* **Task requirements**
An exact copy of every entry is what's needed, so please transcribe them all.

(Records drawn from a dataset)
▬▬▬▬▬▬▬▬▬▬
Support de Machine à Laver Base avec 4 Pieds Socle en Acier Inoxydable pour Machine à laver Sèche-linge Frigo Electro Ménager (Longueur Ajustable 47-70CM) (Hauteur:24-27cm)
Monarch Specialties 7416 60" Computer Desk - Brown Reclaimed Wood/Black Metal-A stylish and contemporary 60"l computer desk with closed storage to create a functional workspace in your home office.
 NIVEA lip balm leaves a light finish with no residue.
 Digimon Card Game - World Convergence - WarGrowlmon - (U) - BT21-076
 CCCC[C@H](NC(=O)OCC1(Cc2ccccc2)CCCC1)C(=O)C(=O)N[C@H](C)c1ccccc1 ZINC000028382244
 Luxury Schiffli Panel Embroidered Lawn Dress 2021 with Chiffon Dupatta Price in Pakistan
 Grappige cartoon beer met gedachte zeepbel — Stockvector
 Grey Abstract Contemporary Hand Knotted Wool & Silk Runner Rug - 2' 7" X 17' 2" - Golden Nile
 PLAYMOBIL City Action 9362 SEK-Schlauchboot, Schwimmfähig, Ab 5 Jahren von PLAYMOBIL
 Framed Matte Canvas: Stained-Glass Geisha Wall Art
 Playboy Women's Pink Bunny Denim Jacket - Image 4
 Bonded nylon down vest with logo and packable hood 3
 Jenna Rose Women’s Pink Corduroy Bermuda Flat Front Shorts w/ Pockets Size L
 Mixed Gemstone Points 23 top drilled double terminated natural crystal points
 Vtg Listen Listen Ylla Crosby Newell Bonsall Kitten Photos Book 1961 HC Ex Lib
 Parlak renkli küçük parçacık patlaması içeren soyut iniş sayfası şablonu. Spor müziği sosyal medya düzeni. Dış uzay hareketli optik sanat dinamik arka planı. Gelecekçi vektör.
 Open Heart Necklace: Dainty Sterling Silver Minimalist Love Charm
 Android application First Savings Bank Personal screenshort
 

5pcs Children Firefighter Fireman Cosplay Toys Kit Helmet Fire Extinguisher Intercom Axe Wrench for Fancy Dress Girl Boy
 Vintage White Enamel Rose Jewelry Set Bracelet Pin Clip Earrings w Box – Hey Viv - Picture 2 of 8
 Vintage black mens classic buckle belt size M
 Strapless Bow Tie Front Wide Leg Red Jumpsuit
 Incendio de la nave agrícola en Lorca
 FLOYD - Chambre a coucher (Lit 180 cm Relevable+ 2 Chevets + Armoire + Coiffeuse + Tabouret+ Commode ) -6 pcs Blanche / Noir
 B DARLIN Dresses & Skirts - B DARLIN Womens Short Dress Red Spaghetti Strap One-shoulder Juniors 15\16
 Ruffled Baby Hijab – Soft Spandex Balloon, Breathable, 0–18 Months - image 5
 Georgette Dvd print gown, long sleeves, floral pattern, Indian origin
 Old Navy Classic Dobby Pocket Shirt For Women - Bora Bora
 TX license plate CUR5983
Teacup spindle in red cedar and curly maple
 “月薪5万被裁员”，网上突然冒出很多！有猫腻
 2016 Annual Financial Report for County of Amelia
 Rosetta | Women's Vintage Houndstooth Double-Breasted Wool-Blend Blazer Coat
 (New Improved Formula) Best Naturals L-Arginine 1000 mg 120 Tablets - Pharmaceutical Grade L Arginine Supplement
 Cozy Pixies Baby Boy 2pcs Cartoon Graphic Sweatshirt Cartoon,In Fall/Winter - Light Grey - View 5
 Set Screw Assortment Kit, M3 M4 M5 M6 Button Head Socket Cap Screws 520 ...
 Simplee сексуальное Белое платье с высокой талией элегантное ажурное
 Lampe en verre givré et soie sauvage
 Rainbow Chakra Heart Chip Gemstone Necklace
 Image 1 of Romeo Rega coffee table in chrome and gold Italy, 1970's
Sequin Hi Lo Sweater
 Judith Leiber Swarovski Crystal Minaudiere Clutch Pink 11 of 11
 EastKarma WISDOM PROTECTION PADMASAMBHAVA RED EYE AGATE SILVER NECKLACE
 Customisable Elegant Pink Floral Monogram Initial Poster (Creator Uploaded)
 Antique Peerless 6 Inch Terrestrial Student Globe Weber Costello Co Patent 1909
▬▬▬▬▬▬▬▬▬▬
* **Task answer**
Support de Machine à Laver Base avec 4 Pieds Socle en Acier Inoxydable pour Machine à laver Sèche-linge Frigo Electro Ménager (Longueur Ajustable 47-70CM) (Hauteur:24-27cm)
Monarch Specialties 7416 60" Computer Desk - Brown Reclaimed Wood/Black Metal-A stylish and contemporary 60"l computer desk with closed storage to create a functional workspace in your home office.
 NIVEA lip balm leaves a light finish with no residue.
 Digimon Card Game - World Convergence - WarGrowlmon - (U) - BT21-076
 CCCC[C@H](NC(=O)OCC1(Cc2ccccc2)CCCC1)C(=O)C(=O)N[C@H](C)c1ccccc1 ZINC000028382244
 Luxury Schiffli Panel Embroidered Lawn Dress 2021 with Chiffon Dupatta Price in Pakistan
 Grappige cartoon beer met gedachte zeepbel — Stockvector
 Grey Abstract Contemporary Hand Knotted Wool & Silk Runner Rug - 2' 7" X 17' 2" - Golden Nile
 PLAYMOBIL City Action 9362 SEK-Schlauchboot, Schwimmfähig, Ab 5 Jahren von PLAYMOBIL
 Framed Matte Canvas: Stained-Glass Geisha Wall Art
 Playboy Women's Pink Bunny Denim Jacket - Image 4
 Bonded nylon down vest with logo and packable hood 3
 Jenna Rose Women’s Pink Corduroy Bermuda Flat Front Shorts w/ Pockets Size L
 Mixed Gemstone Points 23 top drilled double terminated natural crystal points
 Vtg Listen Listen Ylla Crosby Newell Bonsall Kitten Photos Book 1961 HC Ex Lib
 Parlak renkli küçük parçacık patlaması içeren soyut iniş sayfası şablonu. Spor müziği sosyal medya düzeni. Dış uzay hareketli optik sanat dinamik arka planı. Gelecekçi vektör.
 Open Heart Necklace: Dainty Sterling Silver Minimalist Love Charm
 Android application First Savings Bank Personal screenshort
 

5pcs Children Firefighter Fireman Cosplay Toys Kit Helmet Fire Extinguisher Intercom Axe Wrench for Fancy Dress Girl Boy
 Vintage White Enamel Rose Jewelry Set Bracelet Pin Clip Earrings w Box – Hey Viv - Picture 2 of 8
 Vintage black mens classic buckle belt size M
 Strapless Bow Tie Front Wide Leg Red Jumpsuit
 Incendio de la nave agrícola en Lorca
 FLOYD - Chambre a coucher (Lit 180 cm Relevable+ 2 Chevets + Armoire + Coiffeuse + Tabouret+ Commode ) -6 pcs Blanche / Noir
 B DARLIN Dresses & Skirts - B DARLIN Womens Short Dress Red Spaghetti Strap One-shoulder Juniors 15\16
 Ruffled Baby Hijab – Soft Spandex Balloon, Breathable, 0–18 Months - image 5
 Georgette Dvd print gown, long sleeves, floral pattern, Indian origin
 Old Navy Classic Dobby Pocket Shirt For Women - Bora Bora
 TX license plate CUR5983
Teacup spindle in red cedar and curly maple
 “月薪5万被裁员”，网上突然冒出很多！有猫腻
 2016 Annual Financial Report for County of Amelia
 Rosetta | Women's Vintage Houndstooth Double-Breasted Wool-Blend Blazer Coat
 (New Improved Formula) Best Naturals L-Arginine 1000 mg 120 Tablets - Pharmaceutical Grade L Arginine Supplement
 Cozy Pixies Baby Boy 2pcs Cartoon Graphic Sweatshirt Cartoon,In Fall/Winter - Light Grey - View 5
 Set Screw Assortment Kit, M3 M4 M5 M6 Button Head Socket Cap Screws 520 ...
 Simplee сексуальное Белое платье с высокой талией элегантное ажурное
 Lampe en verre givré et soie sauvage
 Rainbow Chakra Heart Chip Gemstone Necklace
 Image 1 of Romeo Rega coffee table in chrome and gold Italy, 1970's
Sequin Hi Lo Sweater
 Judith Leiber Swarovski Crystal Minaudiere Clutch Pink 11 of 11
 EastKarma WISDOM PROTECTION PADMASAMBHAVA RED EYE AGATE SILVER NECKLACE
 Customisable Elegant Pink Floral Monogram Initial Poster (Creator Uploaded)
 Antique Peerless 6 Inch Terrestrial Student Globe Weber Costello Co Patent 1909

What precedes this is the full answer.